Outro projeto importante que não avançou no Congresso é o que tipifica o crime de superfaturamento de obras públicas - o PL 6735, de 2006. "Esse procedimento fraudulento sobre as despesas públicas no Brasil não é crime. Ele não está tipificado no nosso sistema legal. São apenas penalidades administrativas", explica o autor do projeto de lei, o perito Alan Lopes, completando que os laudos e a Justiça precisam se esforçar numa interpretação sobre o artigo 90 da Lei de Licitações - fraudar o caráter competitivo do procedimento licitatório. O projeto prevê o aumento das multas para até 200% sobre o valor do contrato, além de prisão de até dez anos por malversação de recursos públicos. O projeto passou pela CCJC da Câmara em 2006, o Conselho Nacional de Política Criminal e Penitenciária, do Ministério da Justiça, também deu parecer favorável, mas ele ainda aguarda votação em plenário. Procurada, a assessoria do conselho não deu previsão sobre as perspectivas de votação da proposta. Há casos de projetos de lei que ficaram décadas em tramitação, sem nenhum resultado.

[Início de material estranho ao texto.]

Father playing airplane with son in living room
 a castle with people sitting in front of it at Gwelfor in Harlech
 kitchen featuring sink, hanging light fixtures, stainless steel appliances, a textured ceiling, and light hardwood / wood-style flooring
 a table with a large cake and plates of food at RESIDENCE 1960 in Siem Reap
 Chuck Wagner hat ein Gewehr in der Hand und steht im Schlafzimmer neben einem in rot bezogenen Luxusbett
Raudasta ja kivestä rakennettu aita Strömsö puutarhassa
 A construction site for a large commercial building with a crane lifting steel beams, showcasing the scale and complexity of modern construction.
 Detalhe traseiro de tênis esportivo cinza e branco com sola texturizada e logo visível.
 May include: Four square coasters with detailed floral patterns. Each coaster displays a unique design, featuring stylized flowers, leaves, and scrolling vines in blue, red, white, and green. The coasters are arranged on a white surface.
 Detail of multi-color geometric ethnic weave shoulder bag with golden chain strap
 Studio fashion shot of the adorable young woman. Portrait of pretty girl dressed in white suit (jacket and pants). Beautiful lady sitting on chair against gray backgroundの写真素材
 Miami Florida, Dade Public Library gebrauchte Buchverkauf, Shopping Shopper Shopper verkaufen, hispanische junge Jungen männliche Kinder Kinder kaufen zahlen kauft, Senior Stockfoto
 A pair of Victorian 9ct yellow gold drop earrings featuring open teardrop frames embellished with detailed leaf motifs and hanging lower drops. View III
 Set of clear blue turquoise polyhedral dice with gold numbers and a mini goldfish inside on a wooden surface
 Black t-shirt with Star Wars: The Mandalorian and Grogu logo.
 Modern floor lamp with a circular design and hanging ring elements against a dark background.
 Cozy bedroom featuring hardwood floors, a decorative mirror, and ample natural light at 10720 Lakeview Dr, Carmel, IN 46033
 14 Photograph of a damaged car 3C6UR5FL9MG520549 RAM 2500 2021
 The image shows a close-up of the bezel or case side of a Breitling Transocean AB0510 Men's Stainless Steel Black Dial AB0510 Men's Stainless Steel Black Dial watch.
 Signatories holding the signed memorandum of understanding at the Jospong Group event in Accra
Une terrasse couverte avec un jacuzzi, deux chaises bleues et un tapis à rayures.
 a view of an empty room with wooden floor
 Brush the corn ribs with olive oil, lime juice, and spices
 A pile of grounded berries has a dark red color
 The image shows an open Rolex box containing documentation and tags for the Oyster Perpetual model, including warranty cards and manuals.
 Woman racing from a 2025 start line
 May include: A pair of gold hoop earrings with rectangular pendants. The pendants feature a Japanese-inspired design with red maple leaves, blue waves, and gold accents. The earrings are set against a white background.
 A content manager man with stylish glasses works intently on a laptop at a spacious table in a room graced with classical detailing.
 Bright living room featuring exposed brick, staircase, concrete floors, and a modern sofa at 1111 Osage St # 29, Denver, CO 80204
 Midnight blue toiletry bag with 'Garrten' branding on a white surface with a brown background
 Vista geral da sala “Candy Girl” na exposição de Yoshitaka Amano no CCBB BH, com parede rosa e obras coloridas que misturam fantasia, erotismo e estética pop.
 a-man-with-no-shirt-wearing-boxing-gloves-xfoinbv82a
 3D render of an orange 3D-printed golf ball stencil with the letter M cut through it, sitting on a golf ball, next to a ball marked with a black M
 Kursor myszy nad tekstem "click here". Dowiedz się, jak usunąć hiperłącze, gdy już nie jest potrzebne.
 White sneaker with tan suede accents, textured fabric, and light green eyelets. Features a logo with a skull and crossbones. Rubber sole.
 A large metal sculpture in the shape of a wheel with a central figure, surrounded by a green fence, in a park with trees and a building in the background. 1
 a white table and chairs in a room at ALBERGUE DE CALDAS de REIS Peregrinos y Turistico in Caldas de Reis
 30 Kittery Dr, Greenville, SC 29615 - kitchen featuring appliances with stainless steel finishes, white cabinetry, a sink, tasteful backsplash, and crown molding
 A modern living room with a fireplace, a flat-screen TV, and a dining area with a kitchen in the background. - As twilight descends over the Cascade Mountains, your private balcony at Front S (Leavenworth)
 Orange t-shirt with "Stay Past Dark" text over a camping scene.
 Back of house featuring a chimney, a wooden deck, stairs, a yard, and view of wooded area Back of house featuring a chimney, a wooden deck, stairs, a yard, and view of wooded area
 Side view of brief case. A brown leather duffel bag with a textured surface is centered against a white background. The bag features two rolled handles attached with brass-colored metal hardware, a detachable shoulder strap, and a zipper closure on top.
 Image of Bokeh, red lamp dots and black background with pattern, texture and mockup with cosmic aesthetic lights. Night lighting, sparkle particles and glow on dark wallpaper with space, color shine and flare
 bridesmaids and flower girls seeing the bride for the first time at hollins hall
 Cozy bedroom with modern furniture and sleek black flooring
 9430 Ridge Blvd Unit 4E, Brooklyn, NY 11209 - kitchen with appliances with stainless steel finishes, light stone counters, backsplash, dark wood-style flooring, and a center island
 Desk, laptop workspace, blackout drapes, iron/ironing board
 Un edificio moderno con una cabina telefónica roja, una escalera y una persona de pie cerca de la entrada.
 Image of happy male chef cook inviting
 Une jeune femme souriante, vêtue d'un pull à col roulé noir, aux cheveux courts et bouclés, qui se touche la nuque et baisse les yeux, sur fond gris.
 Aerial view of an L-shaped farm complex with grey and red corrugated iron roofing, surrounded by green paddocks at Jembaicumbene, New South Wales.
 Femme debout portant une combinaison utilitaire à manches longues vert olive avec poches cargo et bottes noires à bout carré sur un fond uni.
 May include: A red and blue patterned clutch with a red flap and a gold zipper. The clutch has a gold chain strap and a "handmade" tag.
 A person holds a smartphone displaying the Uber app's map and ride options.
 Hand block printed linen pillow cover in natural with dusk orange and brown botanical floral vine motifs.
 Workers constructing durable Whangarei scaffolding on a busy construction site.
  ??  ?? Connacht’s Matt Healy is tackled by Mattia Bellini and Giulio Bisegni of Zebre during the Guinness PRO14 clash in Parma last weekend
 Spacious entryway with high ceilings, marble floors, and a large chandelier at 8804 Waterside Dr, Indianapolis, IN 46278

"Projetos de lei não irão salvar o Brasil da corrupção", diz Abramo. Mas ele é otimista em relação à articulação da sociedade contra a corrupção: "Um buraco sem fim se tapa jogando uma pá de terra, depois outra, depois outra. É preciso jogar uma porção de pás. Demora, exige esforço, dedicação, identificação das causas. Não vai ser do dia para a noite que vai mudar". O perito criminal Alan Lopes sugere que, no planejamento de combate à corrupção haja um ataque concentrado no poder de quem recebe o dinheiro público para gastar. Muitas vezes, o funcionário público é a parte menor do esquema. "Temos de mudar um pouco o foco do funcionário público para a instituição que recebe o dinheiro. Ali acontecem as maiores fraudes."

Mesmo porque, considerando que mais de 1500 agentes públicos federais já foram expulsos por terem sido flagrados em atos de improbidade, corrupção e safadezas semelhantes, isso parece não diminuir a vontade de roubar dos que estão soltos. O ministro Jorge Hage, da CGU, reclama que não adianta pegar ninguém para depois julgar com essa lentidão da Justiça. "[As leis processuais do Brasil] permitem uma infinidade de recursos e medidas proletárias de tal ordem que qualquer bom advogado consegue prolongar um processo por 10, 20 anos; e os corruptos são justamente os que podem pagar os melhores escritórios de advocacia do país", conclui.